▶ [Material provided]:

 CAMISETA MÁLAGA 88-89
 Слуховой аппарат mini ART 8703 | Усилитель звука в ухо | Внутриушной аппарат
==
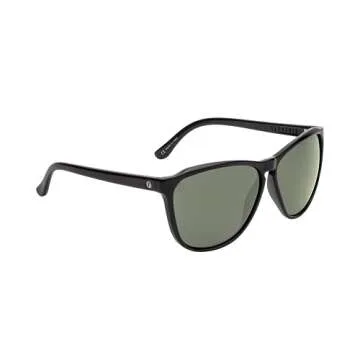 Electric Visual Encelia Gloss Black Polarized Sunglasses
--
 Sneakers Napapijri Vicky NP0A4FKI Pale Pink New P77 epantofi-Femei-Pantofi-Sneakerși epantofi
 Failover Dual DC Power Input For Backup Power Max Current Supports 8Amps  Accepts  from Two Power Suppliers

▶ [Your task]:
Transcribe, exactly and without additions, the lines of the records above, beginning with the line that contains "Sneakers Napapijri Vicky" and ending with the line that contains "Failover Dual DC", both included.

▶ [Solved problem]:
 Sneakers Napapijri Vicky NP0A4FKI Pale Pink New P77 epantofi-Femei-Pantofi-Sneakerși epantofi
 Failover Dual DC Power Input For Backup Power Max Current Supports 8Amps  Accepts  from Two Power Suppliers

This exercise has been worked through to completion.